• **Task item**
Repeat the lines below exactly as written, please, from the line with "Makita Maleta De Ferramentas Maktrak" to the line with "Injector Mercedes Clasa", both lines included, and no others.

• **Data excerpts**
★ ★ ★ ★ ★
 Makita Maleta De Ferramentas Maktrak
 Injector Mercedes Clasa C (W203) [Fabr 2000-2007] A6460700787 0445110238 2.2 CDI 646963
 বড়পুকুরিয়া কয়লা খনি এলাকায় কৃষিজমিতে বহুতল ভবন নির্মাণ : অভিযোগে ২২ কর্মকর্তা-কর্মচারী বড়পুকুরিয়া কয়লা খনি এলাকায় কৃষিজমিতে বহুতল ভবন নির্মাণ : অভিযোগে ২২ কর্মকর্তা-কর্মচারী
★ ★ ★ ★ ★
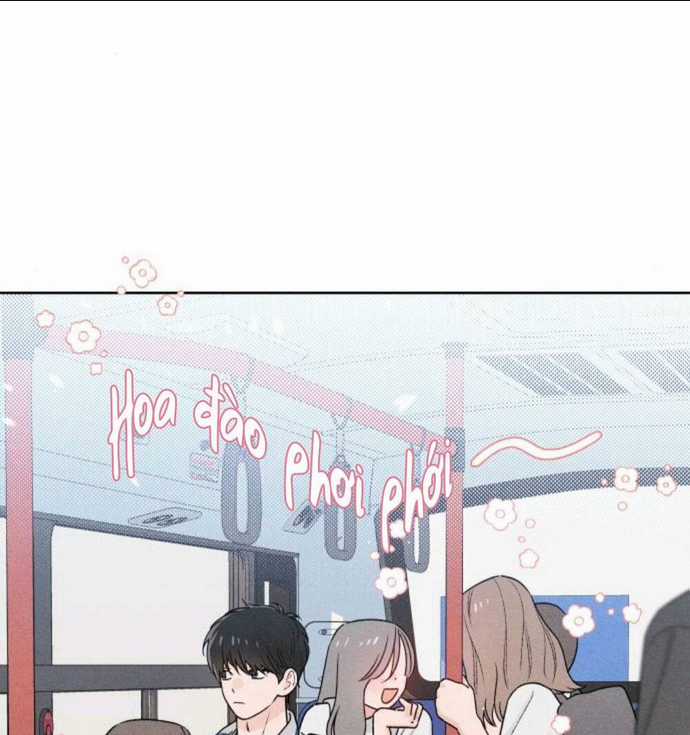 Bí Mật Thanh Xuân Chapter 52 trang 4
★ ★ ★ ★ ★
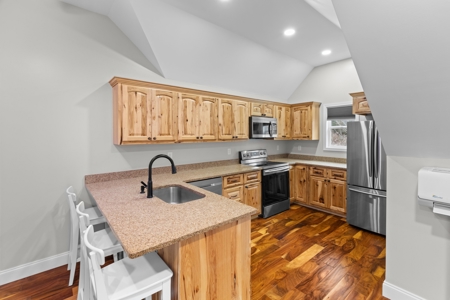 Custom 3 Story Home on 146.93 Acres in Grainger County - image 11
★ ★ ★ ★ ★
• **Answer**
 Makita Maleta De Ferramentas Maktrak
 Injector Mercedes Clasa C (W203) [Fabr 2000-2007] A6460700787 0445110238 2.2 CDI 646963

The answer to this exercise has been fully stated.